(Captioned web image data)

»»

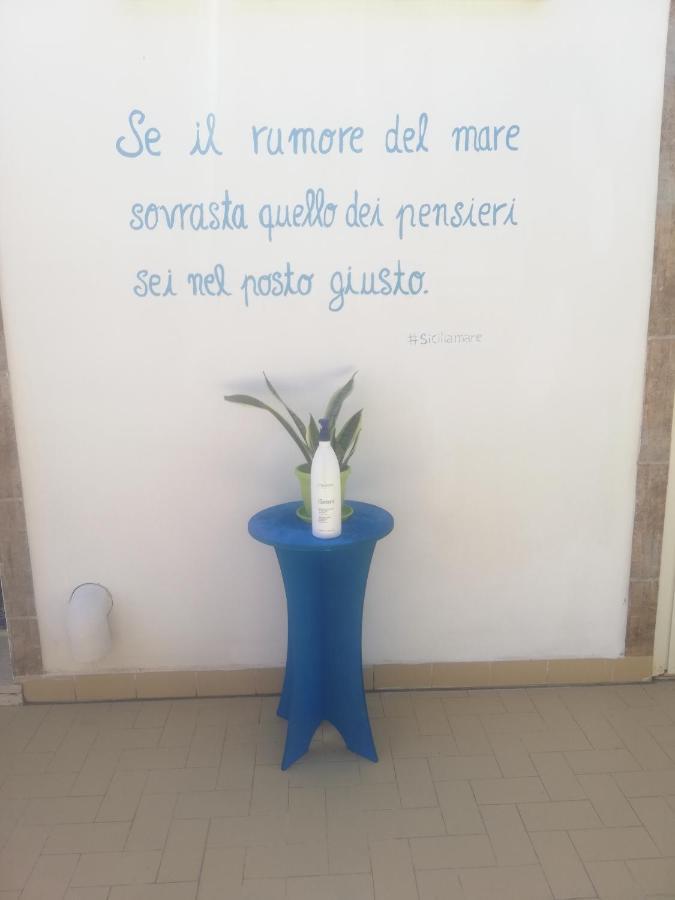Sicilia Mare Porto Palo Exterior photo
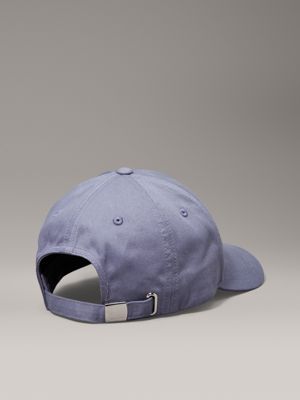 grisaille twill cap for men calvin klein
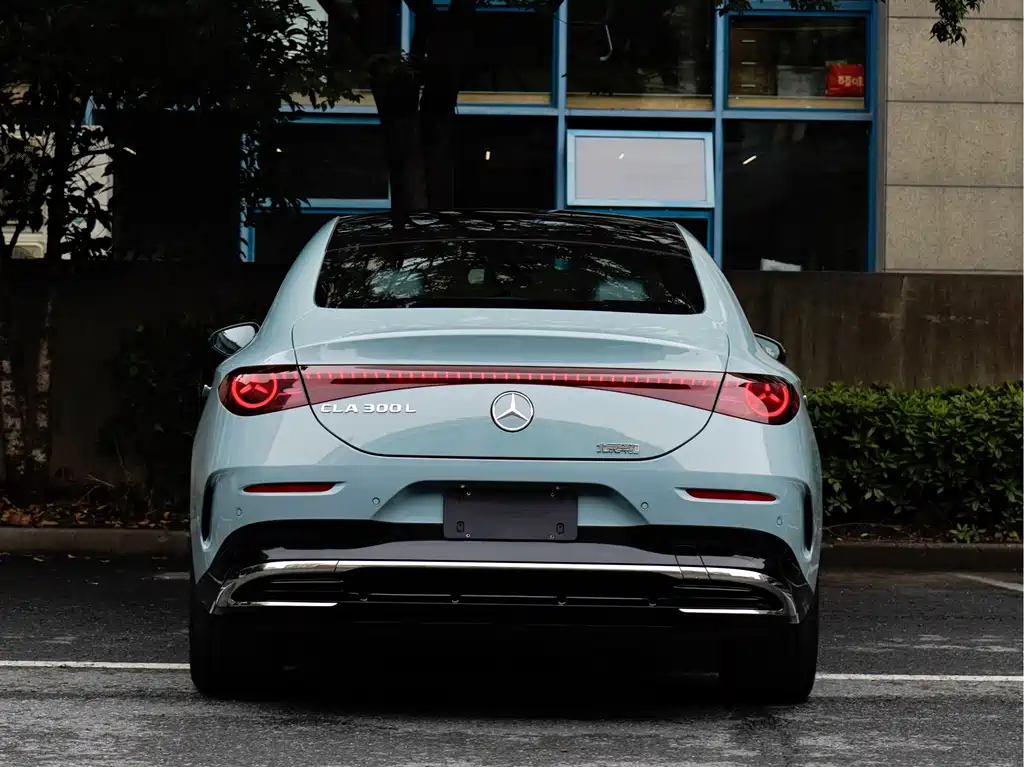 Mercedes-Benz CLA EV 2025 — фото 5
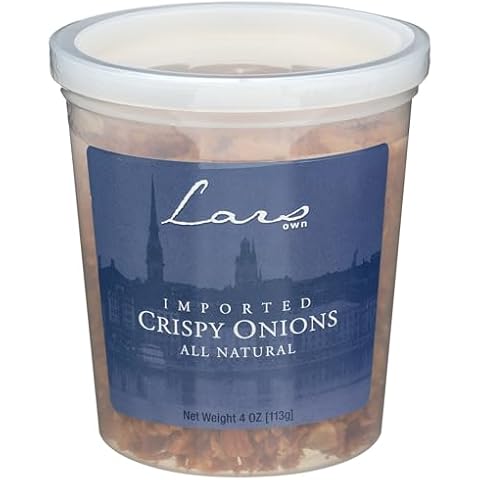 Lars Own, Onions Crispy, 4 Ounce Cover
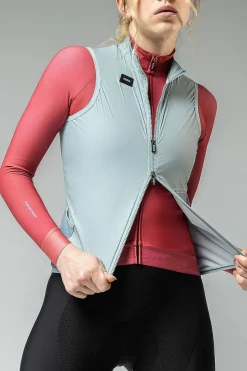 Gilets<GOBIK VEST PLUS 2.0 FEMME Hakone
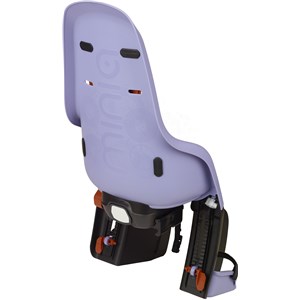 Fotelik rowerowy MINIA na bagażnik CF Galaxy Purpl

««

* [PROBLEM STATEMENT]: Once the line containing "Lars Own, Onions Crispy, 4 Ounce Cover" has been found, write out exactly that line and each one after it through the end of the data, leaving out every picture.

* [EXERCISE RESPONSE]:
 Lars Own, Onions Crispy, 4 Ounce Cover
 Gilets<GOBIK VEST PLUS 2.0 FEMME Hakone
 Fotelik rowerowy MINIA na bagażnik CF Galaxy Purpl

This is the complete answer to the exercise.